Manual certification of FIX connections is no longer an option as exchanges are phasing in automated processes to improve testing ahead of new regulatory guidelines.

On October 5, 2012, a broker trading on India’s National Stock Exchange placed 59 erroneous orders, triggering a flash crash that wiped nearly 60 billion dollars from the value of some of that country’s largest public companies. It happened just 2 short months after another trading glitch cost Knight Capital to lose $440 million in just 45 minutes. These are just two in a series of trading incidents that have damaged the markets over the past two years.

Candyce Edelen, PropelGrowth
Candyce Edelen, PropelGrowth

Many blame human error combined with high frequency trading (HFT) for these issues.

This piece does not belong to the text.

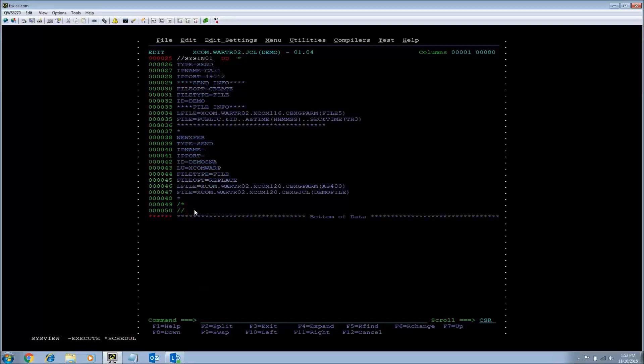I have specified different values for the sysn01 parameters for this job which are also documented in the using section of our guide.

While regulators and politicians can debate the intrinsic value of HFT, they can’t debate the importance and necessity of adequate testing and quality assurance. In many cases, the regression testing done by exchanges and brokers before releasing new functionality is woefully inadequate. The release windows for new functionality or bug fixes is often so short that electronic trading teams don’t have enough time to fully test. For example the Knight glitch happened immediately after Knight modified their systems in response to new functionality being released by the New York Stock Exchange. They had only 6 weeks to determine requirements, make the necessary code changes, do internal regression testing, test with customers, and test with the exchange before NYSE put the new features into production.

Much regression testing and client connectivity testing is handled manually. Manual tests generally run through normal trading workflow – sending orders and getting executions to make sure both systems process the flow properly, testing certain fat finger errors to ensure that risk controls work properly, and testing the system’s ability to handle a disruption in network connectivity. But they don’t usually accommodate “corner cases” – events that don’t happen frequently, but that can be disastrous if they occur – those black swans that are hard to predict, difficult to mimic, and nearly impossible to replicate manually.

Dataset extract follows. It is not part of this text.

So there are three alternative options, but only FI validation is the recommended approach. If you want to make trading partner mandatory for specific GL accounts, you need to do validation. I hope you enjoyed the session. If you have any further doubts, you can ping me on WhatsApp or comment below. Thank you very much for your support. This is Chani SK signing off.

Recently some large broker-dealers and exchanges have been automating more of their regression testing and client certification as a way to reduce systemic risk. Automation also tends to decrease the time required for client on-boarding, making it useful not only for risk management but also for shortening time to revenue with new customers.

The client on-boarding process takes several steps. First, developers from the bank or exchange and the client have a conversation about the specification – a document that describes the computer language that their systems will use to process trading workflow messages. The developers then configure their trading system and order routing gateways to conform to the specifications. Once that’s done, the process is handed over to a quality assurance (QA) tester at the bank to start testing connectivity and the ability to transmit orders. This QA person or on-boarder holds the client’s hands, walking them through each of a long series of tests. Once the testing is successfully completed, the on-boarder verifies certification and transfers the client to a FIX support team.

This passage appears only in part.